We got these results using the Australian Retirement Trust contributions calculator,
the case study info above and the assumptions and limitations that form the basis of the calculator at australianretirementtrust.com.au/learn/tools/super-contributions-calculator.
Assumed rate of return is 6.0% p.a., based on the Medium/High Investment strategy and assumed discount rate of 3.7% p.a.,
which reflects wage inflation. All amounts are in today's dollars and exclude any other sources of income including
the Age Pension.
How do I choose the right investment option?
How you invest your super can have a big impact on how much money you have when you retire. Even little changes
can make a difference.
If you’ve never changed your super investments, you might be in the default option. That works well for many members.
But it may not be the best fit for your age or goals.
Start with these 3 questions:
- How long do you plan to invest for? We have recommended timeframes on all our options.
- What level of returns do you want? You may want to grow your balance or keep it stable,
depending on your goals and timeframe.
- How much risk are you comfortable with? Think about how you might feel about your returns going
up and down.
Not sure where you sit? We can help with investing basics. And members can
get quick advice anytime through Member Online.
When should I get financial advice on super?
The earlier, the better – but it’s never too late.
Getting superannuation advice when you’re working can help you make the most of what you have now.
It can also build confidence in your financial future.
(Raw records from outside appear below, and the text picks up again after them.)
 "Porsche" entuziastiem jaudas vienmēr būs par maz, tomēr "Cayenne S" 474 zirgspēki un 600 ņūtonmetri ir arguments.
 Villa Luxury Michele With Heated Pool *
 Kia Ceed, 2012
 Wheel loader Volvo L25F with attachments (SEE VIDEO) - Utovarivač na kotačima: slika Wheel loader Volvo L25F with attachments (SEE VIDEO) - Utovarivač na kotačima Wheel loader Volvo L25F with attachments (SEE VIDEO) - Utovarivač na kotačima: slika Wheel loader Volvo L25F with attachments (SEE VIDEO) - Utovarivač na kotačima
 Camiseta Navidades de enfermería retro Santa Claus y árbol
People often get advice when:
- their income changes
- they change jobs
- they’re starting a family
- they want to plan for retirement.
What our research shows
Australians who’ve had financial advice feel more confident about their financial future
compared with those who haven’t had advice (49% vs 30%).2
Advice at different life stages
If you’re new to financial advice, here are some suggestions to start you off. These topics are good to talk
about at any age, too.
Age |
Popular topics |
20s–30s |
Combine lost super, set your investment strategy. |
30s–40s |
Review your insurance, start adding extra if you can. |
40s–50s |
Set retirement goals, plan contributions and withdrawals. |
Can I get free financial advice through QSuper?
When you have a QSuper account, you can get personal advice about your super
account at no extra cost.3
This advice can help you:
- Choose the right investment strategy for your goals.
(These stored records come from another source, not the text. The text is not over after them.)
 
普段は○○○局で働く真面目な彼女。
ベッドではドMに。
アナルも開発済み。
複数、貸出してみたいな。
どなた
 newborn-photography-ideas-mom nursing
- Grow your balance in the most tax-effective ways.
- Learn about contributions and what’s right for you.
- Understand your insurance options.
- Plan and fund your retirement.
5-step action plan to awaken your super
Start with these 5 small actions to set yourself up for a better future when you retire.
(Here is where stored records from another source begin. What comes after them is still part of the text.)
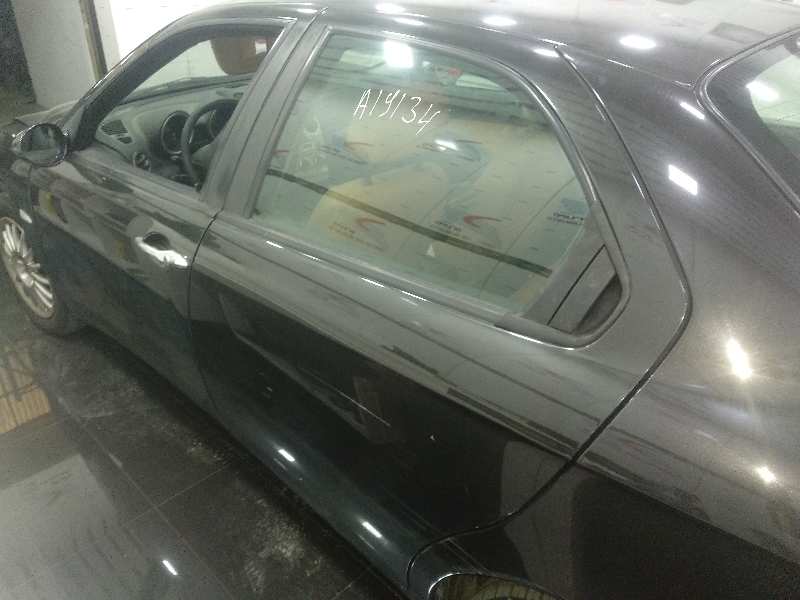 Puerta trasera izquierda alfa romeo 156 1.9 jtd (932.a2b00 932.a2c00)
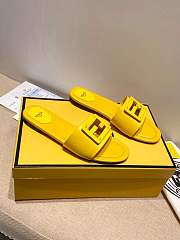 Fendi SIGNATURE Yellow leather slides - 8R8136AE7TF0VVA - 2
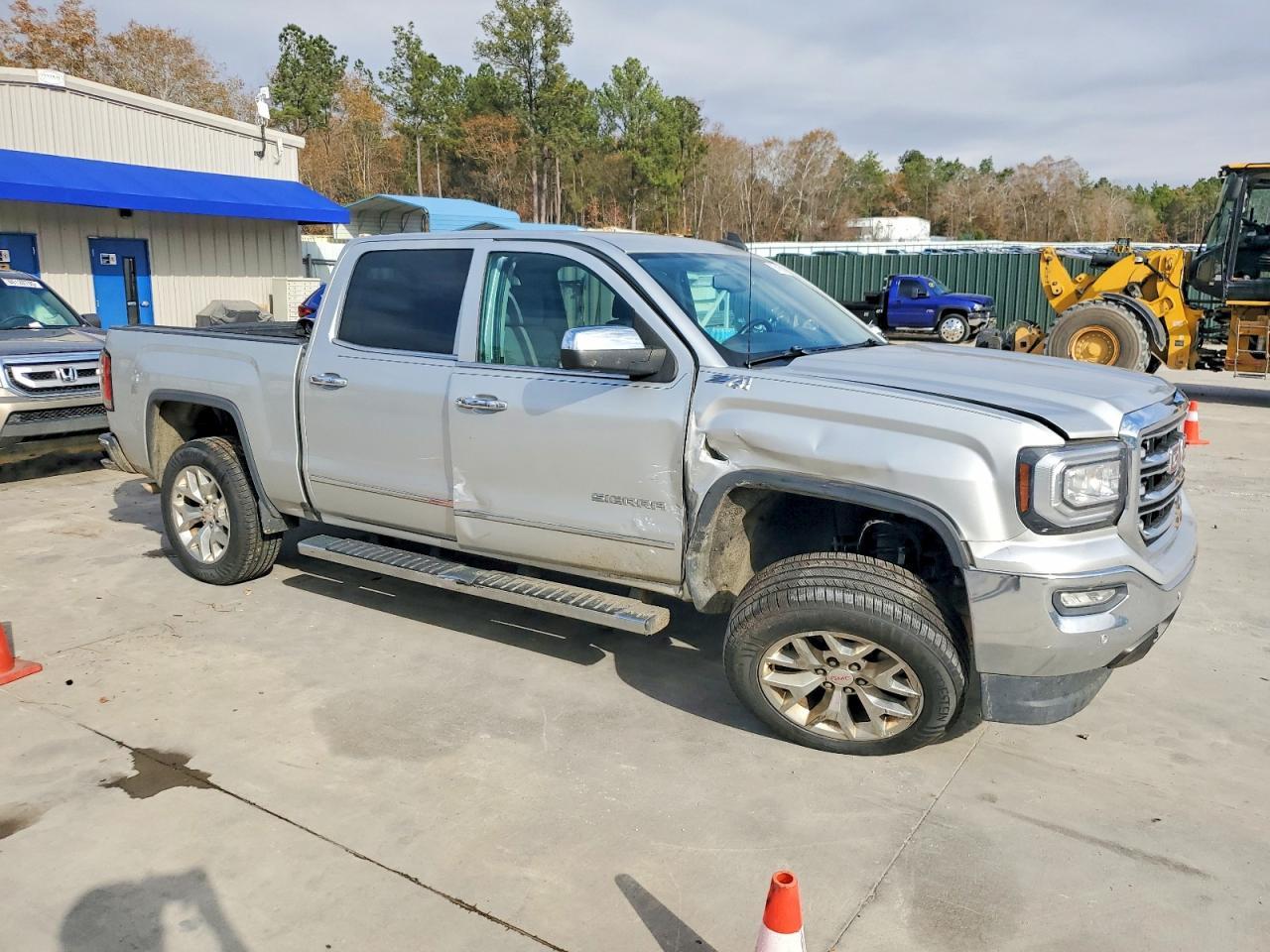 2017 GMC Sierra K1500 Slt - Image 4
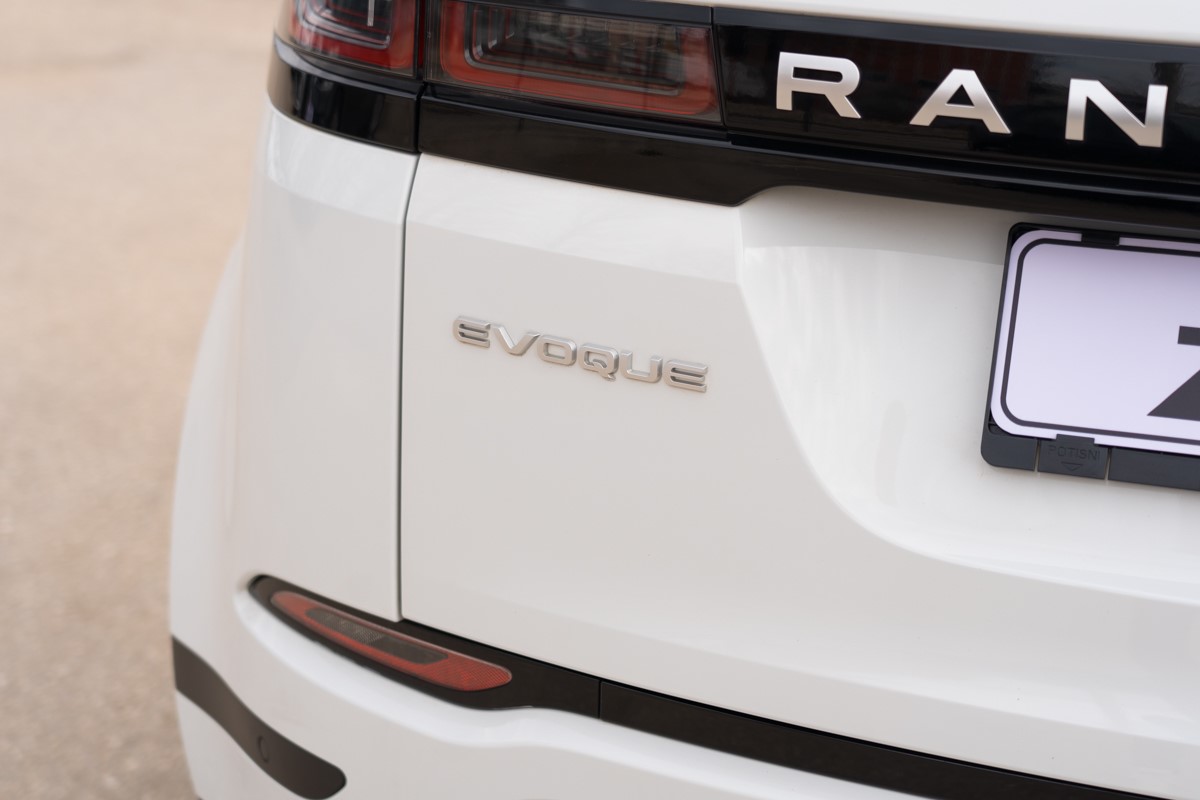 Land Rover
 Range Rover
 EVOQUE 2.0D 4X4
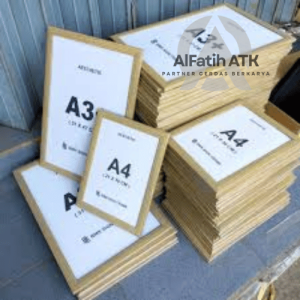 Bingkai Kayu A4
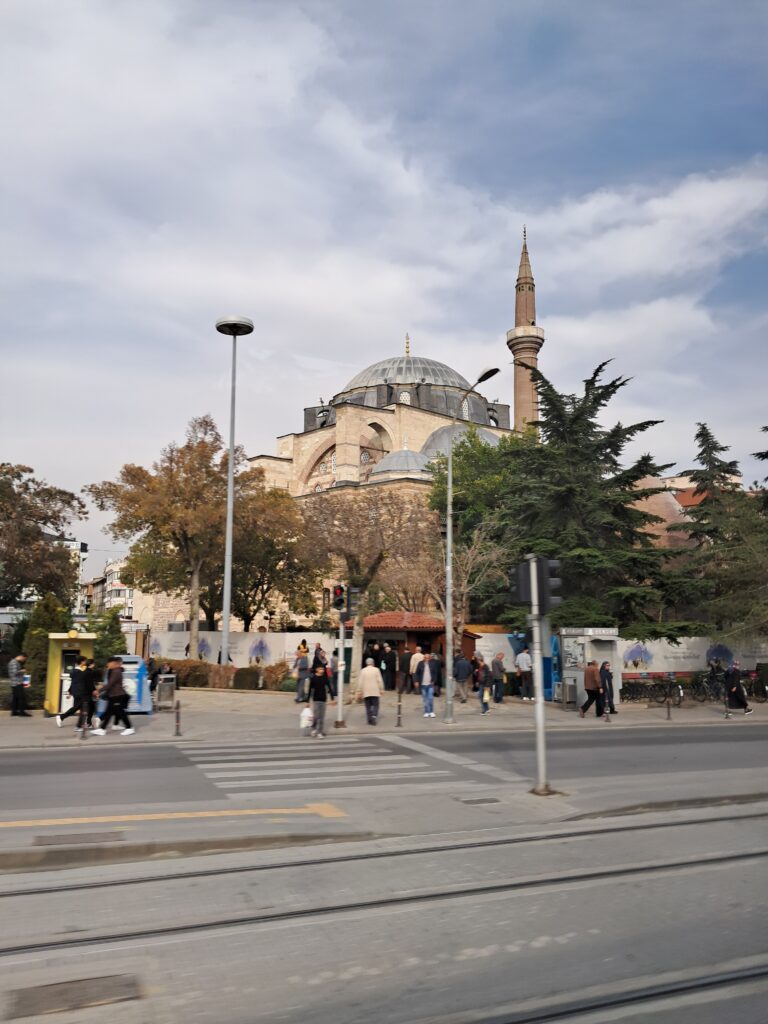 Şerafettin Camii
While you're there, search for multiple accounts and think about combining them to have one set of fees.
Set a goal for adding extra to your super – even $10 a week adds up.
Book in with a financial adviser to get help with your super (it’s part of your membership).
Register for a seminar or
workplace talk to learn more.
Take control of your money
Pay attention to your super now and give yourself more financial freedom
in the future.
It’s never too early or late to begin.
Talk
to an adviser
1. This calculation assumes no breaks in employment and current tax rates, which are all subject to change. We’ve provided this case study for
illustrative and educational purposes only and the members shown are not real. Also, figures may be rounded to make them easier to understand. You should seek advice from
a qualified licensed professional regarding your own circumstances.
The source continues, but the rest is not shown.